In that greatest of true crime stories, In Cold Blood, enjoying a revival this year, Truman Capote built suspense toward the terrible murder of the Clutter family by walking us through the final day of each doomed family member, interrupting the ambling narrative with the steady drumbeat of their murderers' approach. When Perry Smith and Dick Hickock pull into the driveway of the Clutter home in darkness, Capote abruptly skips over the critical hours of the crime to the following morning, when neighbors discover the Clutters' bloody remains. He does this to maintain suspense-we all want to know exactly what happened inside that house-and keep us reading but also because he doesn't want to describe the crime until he has laid the groundwork for us to understand why it was committed. In Cold Blood isn't a whodunit, it's a why-dunit.

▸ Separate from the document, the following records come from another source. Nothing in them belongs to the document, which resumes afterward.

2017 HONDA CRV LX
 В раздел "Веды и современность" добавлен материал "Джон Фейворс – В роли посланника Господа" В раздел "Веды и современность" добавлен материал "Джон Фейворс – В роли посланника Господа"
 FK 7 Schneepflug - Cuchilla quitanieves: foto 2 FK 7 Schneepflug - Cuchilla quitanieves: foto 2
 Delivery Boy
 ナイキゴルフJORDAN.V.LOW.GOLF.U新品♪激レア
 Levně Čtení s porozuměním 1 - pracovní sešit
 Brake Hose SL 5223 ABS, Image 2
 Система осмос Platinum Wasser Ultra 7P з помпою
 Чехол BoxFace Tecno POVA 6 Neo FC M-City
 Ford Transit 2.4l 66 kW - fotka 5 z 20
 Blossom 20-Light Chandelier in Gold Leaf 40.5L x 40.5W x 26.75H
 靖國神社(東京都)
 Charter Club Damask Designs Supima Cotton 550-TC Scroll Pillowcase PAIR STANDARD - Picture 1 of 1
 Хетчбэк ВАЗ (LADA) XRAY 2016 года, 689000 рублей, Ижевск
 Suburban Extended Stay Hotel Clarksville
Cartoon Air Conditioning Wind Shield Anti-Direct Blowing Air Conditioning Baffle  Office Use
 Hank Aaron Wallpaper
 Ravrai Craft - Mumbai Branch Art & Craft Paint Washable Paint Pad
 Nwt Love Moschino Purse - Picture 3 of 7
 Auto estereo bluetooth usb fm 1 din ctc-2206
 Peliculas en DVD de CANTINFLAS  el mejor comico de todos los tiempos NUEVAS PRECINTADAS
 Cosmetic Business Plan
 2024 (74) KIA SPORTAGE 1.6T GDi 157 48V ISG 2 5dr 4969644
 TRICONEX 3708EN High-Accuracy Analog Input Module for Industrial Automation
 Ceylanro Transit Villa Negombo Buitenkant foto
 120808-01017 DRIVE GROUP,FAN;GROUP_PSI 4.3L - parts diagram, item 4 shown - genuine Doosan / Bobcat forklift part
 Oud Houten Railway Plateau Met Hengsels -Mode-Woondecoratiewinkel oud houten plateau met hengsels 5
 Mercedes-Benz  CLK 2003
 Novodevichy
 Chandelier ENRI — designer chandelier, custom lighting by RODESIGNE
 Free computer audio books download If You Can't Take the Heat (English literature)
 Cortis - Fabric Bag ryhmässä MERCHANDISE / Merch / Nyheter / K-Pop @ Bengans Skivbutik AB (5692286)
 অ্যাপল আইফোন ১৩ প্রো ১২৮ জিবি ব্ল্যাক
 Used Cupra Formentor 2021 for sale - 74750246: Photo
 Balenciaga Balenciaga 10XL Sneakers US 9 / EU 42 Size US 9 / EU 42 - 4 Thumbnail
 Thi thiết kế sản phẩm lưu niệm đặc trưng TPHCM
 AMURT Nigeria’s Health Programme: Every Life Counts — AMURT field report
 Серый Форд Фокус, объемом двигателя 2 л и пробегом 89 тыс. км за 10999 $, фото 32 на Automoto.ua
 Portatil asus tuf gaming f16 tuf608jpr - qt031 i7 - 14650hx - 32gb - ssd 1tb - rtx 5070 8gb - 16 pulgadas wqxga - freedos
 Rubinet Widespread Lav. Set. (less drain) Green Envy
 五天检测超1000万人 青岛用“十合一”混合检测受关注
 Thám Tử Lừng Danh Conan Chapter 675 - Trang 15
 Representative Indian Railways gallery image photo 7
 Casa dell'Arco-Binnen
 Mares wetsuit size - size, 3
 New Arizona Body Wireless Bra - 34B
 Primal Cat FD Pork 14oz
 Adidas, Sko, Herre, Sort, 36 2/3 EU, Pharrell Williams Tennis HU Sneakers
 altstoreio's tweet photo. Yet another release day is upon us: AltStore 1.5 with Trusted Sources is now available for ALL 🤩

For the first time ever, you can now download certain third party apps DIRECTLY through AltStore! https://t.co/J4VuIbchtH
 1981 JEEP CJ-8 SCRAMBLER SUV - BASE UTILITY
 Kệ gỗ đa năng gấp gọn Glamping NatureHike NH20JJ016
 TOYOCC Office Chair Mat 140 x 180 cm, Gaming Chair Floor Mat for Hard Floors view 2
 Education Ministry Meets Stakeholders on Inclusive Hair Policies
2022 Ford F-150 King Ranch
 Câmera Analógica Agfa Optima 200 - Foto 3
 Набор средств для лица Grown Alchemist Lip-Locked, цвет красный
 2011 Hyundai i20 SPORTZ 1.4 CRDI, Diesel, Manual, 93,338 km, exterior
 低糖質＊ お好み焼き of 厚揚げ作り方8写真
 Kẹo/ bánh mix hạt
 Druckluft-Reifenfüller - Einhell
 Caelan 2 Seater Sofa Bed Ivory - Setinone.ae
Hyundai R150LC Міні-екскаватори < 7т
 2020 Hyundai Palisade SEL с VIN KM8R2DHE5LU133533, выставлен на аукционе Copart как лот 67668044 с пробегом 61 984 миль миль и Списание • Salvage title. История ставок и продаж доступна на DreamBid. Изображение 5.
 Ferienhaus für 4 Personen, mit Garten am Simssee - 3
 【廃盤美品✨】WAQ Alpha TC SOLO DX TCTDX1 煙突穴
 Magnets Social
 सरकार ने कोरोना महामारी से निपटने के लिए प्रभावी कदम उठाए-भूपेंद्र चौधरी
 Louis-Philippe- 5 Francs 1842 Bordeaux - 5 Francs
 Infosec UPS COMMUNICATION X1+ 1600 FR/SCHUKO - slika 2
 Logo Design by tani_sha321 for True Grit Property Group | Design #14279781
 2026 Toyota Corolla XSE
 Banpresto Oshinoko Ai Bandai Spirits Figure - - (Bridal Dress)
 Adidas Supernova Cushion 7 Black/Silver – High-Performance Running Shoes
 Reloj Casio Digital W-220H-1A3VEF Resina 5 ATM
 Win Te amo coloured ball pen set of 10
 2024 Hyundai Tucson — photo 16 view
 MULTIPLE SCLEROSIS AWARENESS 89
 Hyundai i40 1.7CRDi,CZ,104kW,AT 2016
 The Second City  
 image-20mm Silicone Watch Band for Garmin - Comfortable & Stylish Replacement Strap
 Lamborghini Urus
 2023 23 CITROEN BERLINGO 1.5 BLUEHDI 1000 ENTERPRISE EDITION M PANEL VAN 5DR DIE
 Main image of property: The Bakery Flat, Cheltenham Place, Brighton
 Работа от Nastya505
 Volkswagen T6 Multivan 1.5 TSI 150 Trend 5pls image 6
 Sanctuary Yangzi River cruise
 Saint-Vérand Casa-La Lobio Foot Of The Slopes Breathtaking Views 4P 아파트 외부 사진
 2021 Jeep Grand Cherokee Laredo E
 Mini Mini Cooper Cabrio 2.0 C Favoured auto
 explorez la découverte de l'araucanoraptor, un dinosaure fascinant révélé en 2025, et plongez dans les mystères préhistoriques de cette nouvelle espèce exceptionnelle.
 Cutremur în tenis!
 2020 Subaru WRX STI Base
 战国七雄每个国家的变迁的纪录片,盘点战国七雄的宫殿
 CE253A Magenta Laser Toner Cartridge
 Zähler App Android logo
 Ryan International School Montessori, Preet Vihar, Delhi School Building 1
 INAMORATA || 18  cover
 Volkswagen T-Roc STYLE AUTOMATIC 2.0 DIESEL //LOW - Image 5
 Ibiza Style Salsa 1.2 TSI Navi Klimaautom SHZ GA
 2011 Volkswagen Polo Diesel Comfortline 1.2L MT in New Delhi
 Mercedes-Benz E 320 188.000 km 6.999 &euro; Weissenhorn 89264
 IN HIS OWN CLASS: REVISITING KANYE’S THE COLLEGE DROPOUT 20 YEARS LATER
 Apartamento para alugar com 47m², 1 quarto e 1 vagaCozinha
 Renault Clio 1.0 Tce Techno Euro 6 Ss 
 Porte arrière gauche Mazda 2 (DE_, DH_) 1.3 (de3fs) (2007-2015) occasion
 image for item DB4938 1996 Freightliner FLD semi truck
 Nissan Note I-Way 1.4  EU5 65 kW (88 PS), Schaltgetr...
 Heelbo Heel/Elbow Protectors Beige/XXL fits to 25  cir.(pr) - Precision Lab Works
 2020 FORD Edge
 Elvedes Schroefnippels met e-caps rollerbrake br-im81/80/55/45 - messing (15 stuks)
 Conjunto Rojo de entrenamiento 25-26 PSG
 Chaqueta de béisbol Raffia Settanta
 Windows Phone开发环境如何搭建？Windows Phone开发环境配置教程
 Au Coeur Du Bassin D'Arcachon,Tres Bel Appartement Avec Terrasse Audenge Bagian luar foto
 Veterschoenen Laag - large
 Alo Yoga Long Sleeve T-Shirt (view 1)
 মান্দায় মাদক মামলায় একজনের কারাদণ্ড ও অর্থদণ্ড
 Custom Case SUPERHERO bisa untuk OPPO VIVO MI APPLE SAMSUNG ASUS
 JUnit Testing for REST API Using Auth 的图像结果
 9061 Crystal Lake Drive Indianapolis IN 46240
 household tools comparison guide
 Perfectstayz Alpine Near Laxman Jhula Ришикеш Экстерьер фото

Most crime stories are ultimately about the doer. Donald Kueck, John Shallenberger, Matt Novak, Antoinette Frank and Rogers LaCaze, John Ames, Louis Eppolito and Stephen Caracappa, Eric Scheffey, Mohammed Bouyeri, Jason Itzler, Peggy Jo Tallas… these are the characters who animate these stories and make us want to keep reading. We are fascinated by the exact details of their crimes, but what we hope those details finally add up to is an understanding of why they did what they did.
In that sense, the crime story has long been at odds with the tendency to explain all criminal and antisocial behavior as mental illness. How boring would the world be if evil were just a malfunction? If all we needed to live law-abiding, respectable lives was a level head? For all but a few genuinely afflicted souls, crime is a deliberate choice. Crime writers have always known that their best subjects were completely sane. Their stories show how and why perfectly sane people do supposedly insane things.
There is a bit of larceny and murder in all of our souls, although most of us choose to restrain it, out of virtue but also out of timidity. I once wrote a story about a criminal who believed he was, in fact, the most honest man in the world. He admitted that he enthusiastically cheated on his wife and took breathtakingly ambitious leaps into illegality, not because he was mentally ill or evil, but because he recognized the truth about all men. "All men cheat on their wives when they can get away with it"-he told me-"and they all break the law when it's to their benefit." He believed he was more honest than other men because he admitted these things about himself, and embraced them. The fact that he was telling me these things from a federal prison cell was just conclusive proof of the hypocrisy of man.
So maybe that's the heart of it. Maybe the criminal chooses his or her path because it is, for them, the truest one, or the more courageous one. Trapped in an unhappy relationship, why not kill our spouse? Can't make ends meet and need a little excitement in your life? Why not cross-dress and knock off a few banks? Crave sex with small boys? Why not manage a boys' choir or an orphanage?
The precision in these stories fixes crime to real people, real places, real dates and times, and in doing so shows how frightfully ordinary it is. The perpetrators are not mentally ill, they are greedy, covetous, selfish, and amoral. Thankfully, few of us make these choices, but crime stories remind us that we are, nevertheless, constantly faced with them. Virtue and lawfulness are choices we make every day-when we are lucky, in the absence of severe temptation. These stories coldly examine the alternatives, and by illustrating the painful and usually self-destructive consequences, comfort us on our way.